The investigation Pat Lakamp and I have in Sunday's paper should not invoke nostalgia for the economic development practices of Tony Masiello and Jimmy Griffin. Read this and weep -- or at least shudder.
Give Griffin and Masiello credit for swinging for the fences, and leaving behind something tangible in terms of physical projects, such as a restored Theater District.
But keep in mind the huge price the city paid, and continues to pay, because borrowers defaulted on 22 cents of every dollar the city lent -- more than double the national average for government economic development lending. Much of the borrowing involved loans the city has been required to repay the federal government out of its annual anti-poverty allocation.
This year, the city will fork over $2.9 million in block grant funds to Uncle Sam, almost double what the Buffalo Economic Renaissance Corp. will lend this year.
So, the Good Old Days were not so good, unless you were a bill collector working for the city, and to some degree, we've traded in one set of problems for another under Mayor Byron Brown. Not that there's not overlap.
To use a baseball analogy, while Griffin and Masiello swung for the fences and often struck out, Brown is playing small ball. Really small ball.
As Sunday's main story details, lending under Brown has dropped by nearly half, compared with Masiello's last term, and job creation, not exactly great under Masiello, has also taken a big hit.
In addition, nearly half of the money BERC has lent has gone to restaurants, bars and stores -- retail typically delivers a low return for the economic development buck -- and one in three companies are behind in repaying their loans.
Folks, if the staff responsible for making loans at BERC worked for a bank, they'd be looking for a job. And the bank would be surviving off TARP funds.
But the problem doesn't start with the rank and file. No, as usual, it starts at the top.
As I detail in the companion story, Brown, who also serves as chairman of BERC, has been a no-show in more ways than one.
Brown has skipped more BERC meetings than he has attended and Deputy Mayor Steve Casey's chair was vacant almost all of the time before he finally just up and quit a year ago.
Brown also has been slow to fill key vacant jobs, and when the BERC has hired, the choices have often been less than inspiring.
Brian Reilly has proved more adept at getting taxpayer-supported health insurance for his girlfriend than he has at closing business deals for the city.
And how do you hire a chief lending officer who had never handled a commercial loan before?
Add to this a governing board that, depending on who you ask, was kept in the dark by staff or failed to ask questions.
The end result has been a rudderless organization lacking a game plan, something economic development agencies across the nation have found essential for success.
Think of it -- Buffalo is the nation's third poorest city and the agency charged with rebuilding its economy has been essentially sleepwalking its way through life.
It's not the least bit surprising, considering that Brown is in charge.

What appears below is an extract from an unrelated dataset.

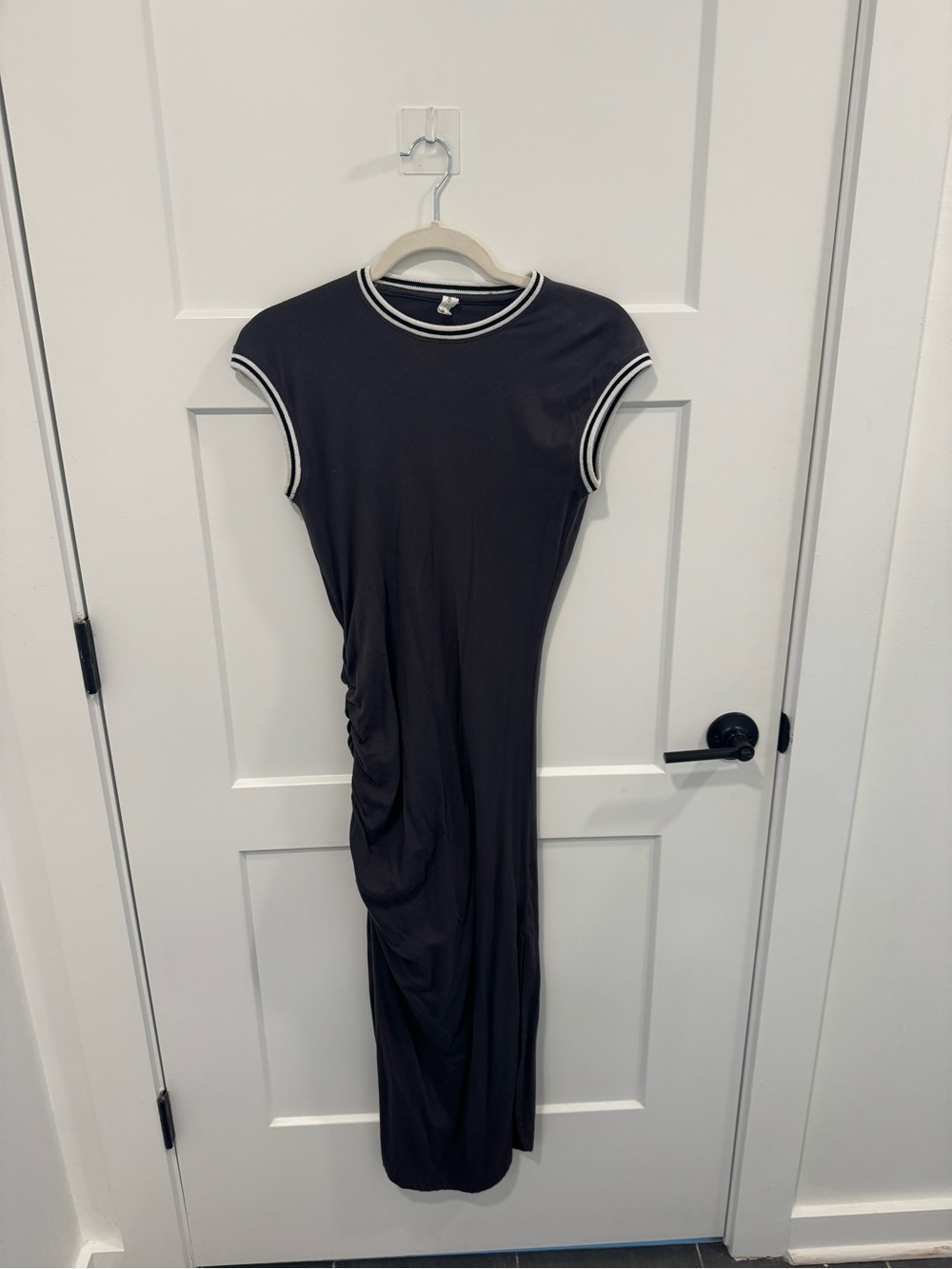 Gray Midi Dress with White Contrast Trim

His administration obsesses on politics, not policy, and tends to deal with the latter only reluctantly.
Dennis Penman stepped in to head BERC on an interim basis back in August and he's made some headway. Having formerly chaired the Erie County Industrial Development Agency, he knows how things work outside City Hall and recognizes that BERC has serious shortcomings.

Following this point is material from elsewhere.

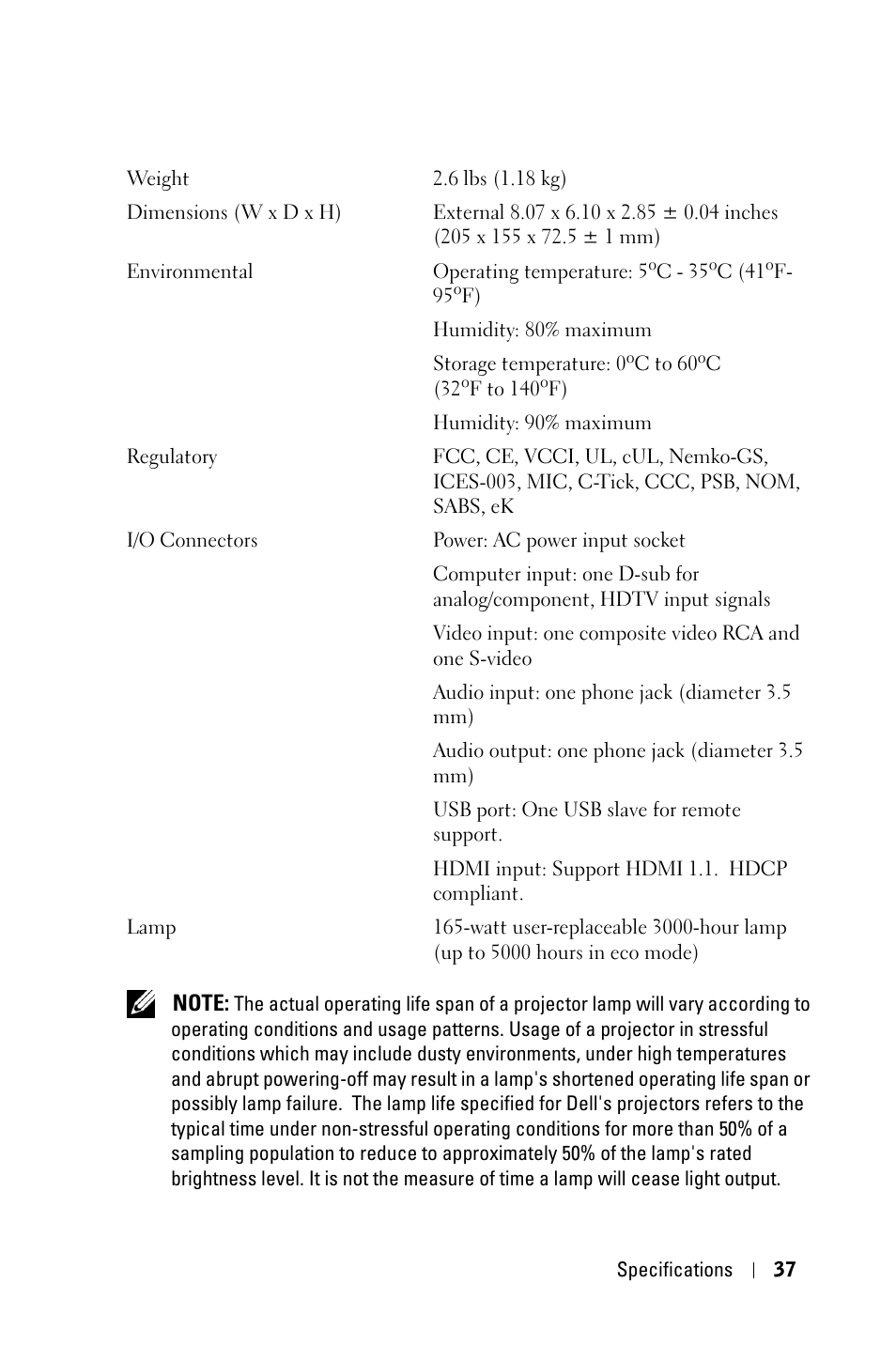 Dell M209X Projector User Manual | Page 37 / 44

He's made some changes and reached out for advice on how to make more, but as I noted a few weeks back, he's turned mostly to former insiders, many of whom didn't exactly shine when they were calling the shots. Penman needs to widen the circle -- considerably.
The Brown administration, meanwhile, made what has turned out to be a very good hire in bringing E.J. Walton on board as the agency's chief fiscal officer. He's sharp and brings a fresh perspective, having worked out of town in both banking and development.But it's going to take more than E.J. Walton sweating the numbers and Dennis Penman picking brains to get BERC on track.
We're talking major overhaul -- policies, practices and personnel. As long as BERC dishes big bucks to bars and restaurants and keeps the likes of Joe Tomasulo on the payroll, any talk of reform is not going to be taken seriously.
Ultimately, rebuilding the city's economy is going to require more than just BERC running on all cylinders.
For starters, it would help if the region's plethora of economic development agencies got on the same page, or, even better yet, consolidated.
I mean, BERC alone is spending $1.2 million a year on payroll. I shudder to think what the collective price tag is to staff all the IDAs, Buffalo Niagara Enterprise, the Buffalo Niagara Partnership and the local operation of the Empire State Development Corp.
Remind me what we're getting for our investment?
Oh yeah, the nation's third poorest city, a region sinking under that weight and dead-on-arrival wish lists.